# The task
Retype the data below exactly, skipping pictures.

# Data extract

======

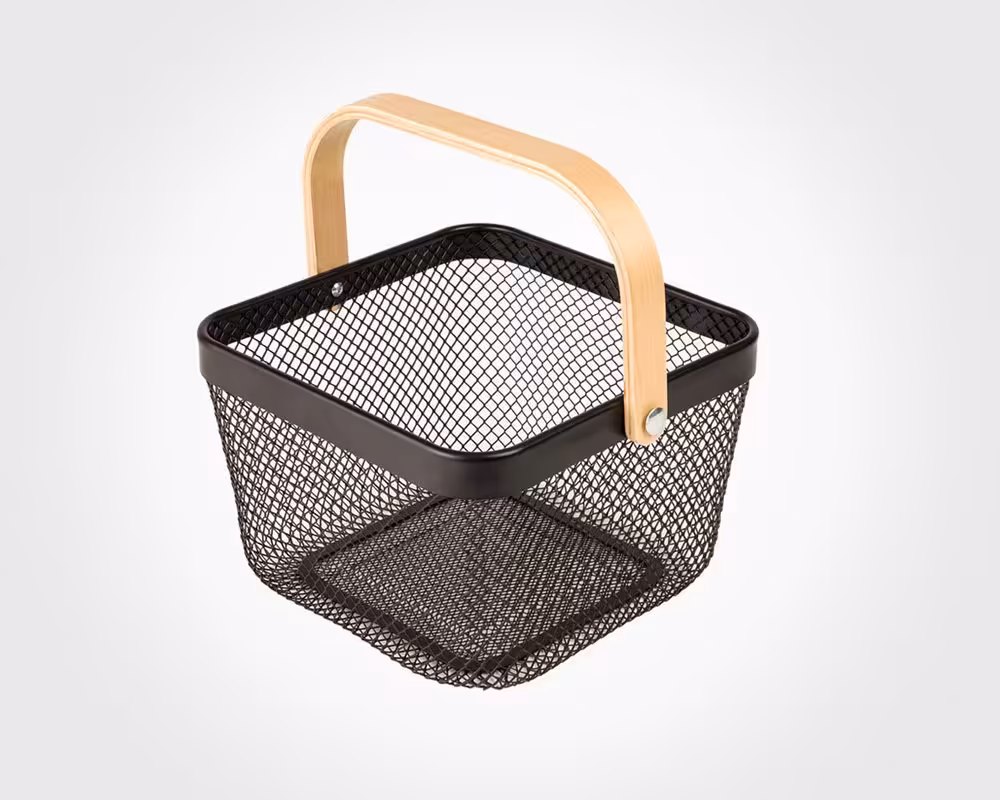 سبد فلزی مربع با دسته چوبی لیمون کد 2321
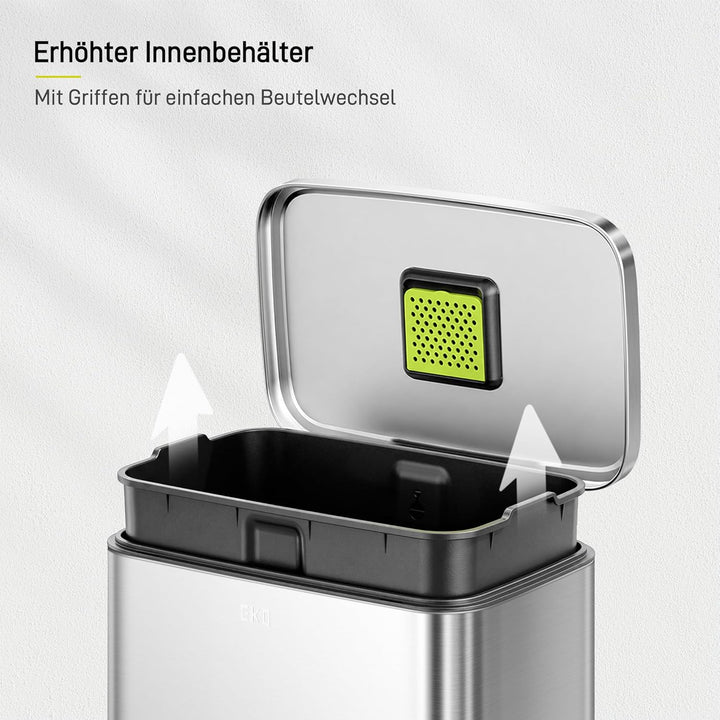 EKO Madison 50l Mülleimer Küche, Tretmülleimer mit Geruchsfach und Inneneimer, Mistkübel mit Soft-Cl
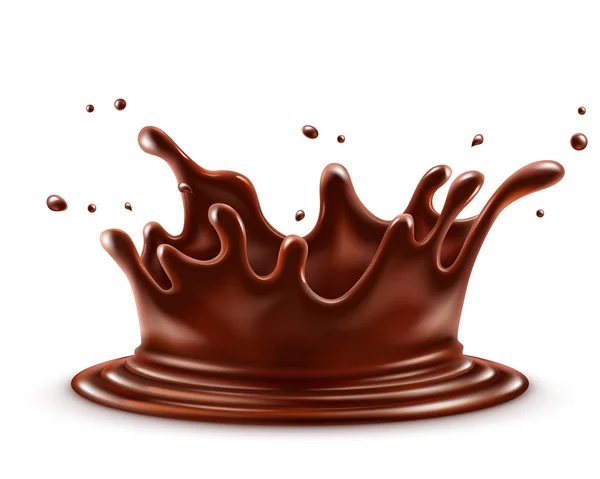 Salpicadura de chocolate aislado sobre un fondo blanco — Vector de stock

======

# Result of this exercise
 سبد فلزی مربع با دسته چوبی لیمون کد 2321
 EKO Madison 50l Mülleimer Küche, Tretmülleimer mit Geruchsfach und Inneneimer, Mistkübel mit Soft-Cl
 Salpicadura de chocolate aislado sobre un fondo blanco — Vector de stock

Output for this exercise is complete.